I'm afraid there's some misunderstanding here. According to the Pulsar
website, replication can actually be enabled at the topic level.

>You can enable geo-replication at namespace or topic level. [1]

So, it's not this proposal that introduces topic-level replication
semantics. Prior to this, topic-level replication was constrained by the
namespace-level replication policy. There are just some problems here. If
replication was not configured at the namespace level, then topic-level
replication would also be ineffective.

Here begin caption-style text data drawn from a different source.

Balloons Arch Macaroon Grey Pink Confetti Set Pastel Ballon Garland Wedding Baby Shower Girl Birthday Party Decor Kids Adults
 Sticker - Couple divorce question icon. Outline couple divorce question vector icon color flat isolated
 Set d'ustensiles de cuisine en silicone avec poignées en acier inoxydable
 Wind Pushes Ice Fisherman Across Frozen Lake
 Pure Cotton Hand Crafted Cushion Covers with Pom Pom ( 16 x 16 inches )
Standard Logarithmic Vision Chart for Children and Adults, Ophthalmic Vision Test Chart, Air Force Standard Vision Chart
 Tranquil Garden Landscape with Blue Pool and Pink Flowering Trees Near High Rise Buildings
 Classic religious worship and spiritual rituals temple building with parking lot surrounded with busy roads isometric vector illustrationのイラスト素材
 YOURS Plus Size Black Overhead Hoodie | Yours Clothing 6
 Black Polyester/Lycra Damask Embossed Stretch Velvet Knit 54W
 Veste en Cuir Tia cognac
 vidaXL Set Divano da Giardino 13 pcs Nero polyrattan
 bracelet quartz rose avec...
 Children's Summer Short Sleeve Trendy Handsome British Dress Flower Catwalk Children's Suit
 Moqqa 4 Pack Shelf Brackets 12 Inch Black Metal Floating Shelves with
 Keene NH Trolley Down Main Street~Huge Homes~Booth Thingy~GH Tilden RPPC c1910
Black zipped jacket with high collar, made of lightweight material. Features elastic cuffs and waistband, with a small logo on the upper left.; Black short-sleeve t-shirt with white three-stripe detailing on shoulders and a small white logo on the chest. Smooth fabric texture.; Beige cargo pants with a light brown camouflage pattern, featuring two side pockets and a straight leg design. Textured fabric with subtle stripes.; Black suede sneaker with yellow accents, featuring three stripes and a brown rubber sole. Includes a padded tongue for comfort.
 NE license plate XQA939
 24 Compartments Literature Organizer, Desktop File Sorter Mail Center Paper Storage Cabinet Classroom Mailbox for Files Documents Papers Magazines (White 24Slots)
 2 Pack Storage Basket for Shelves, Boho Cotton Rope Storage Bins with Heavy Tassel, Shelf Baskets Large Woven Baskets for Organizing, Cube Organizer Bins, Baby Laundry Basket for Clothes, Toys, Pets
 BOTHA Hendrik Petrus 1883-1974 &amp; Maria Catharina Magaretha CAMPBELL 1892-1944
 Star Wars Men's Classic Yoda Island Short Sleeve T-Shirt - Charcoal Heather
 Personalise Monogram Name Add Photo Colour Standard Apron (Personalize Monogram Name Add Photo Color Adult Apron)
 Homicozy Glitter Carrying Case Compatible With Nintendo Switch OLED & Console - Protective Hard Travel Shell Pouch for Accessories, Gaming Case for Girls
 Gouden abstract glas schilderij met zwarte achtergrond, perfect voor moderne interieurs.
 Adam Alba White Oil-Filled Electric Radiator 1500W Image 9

Moreover, users would not be aware
of this replication failure.

> Yes, namespace level still exists as per your PIP as well, but is
basically left only to be a "default in case topic level is missing".

This behavior is consistent with the current behavior of Pulsar and is not
something introduced by this proposal.
This proposal introduces an `allowed-cluster` configuration at the
namespace level.
As the website states, you can enable replication at either the namespace
or topic level.
But If you only enable replication at the topic level, the replication
configuration would not take effect prior to this proposal.

Before this proposal: even though the topic policy can be updated
successfully, topic1 cannot be created in cluster2.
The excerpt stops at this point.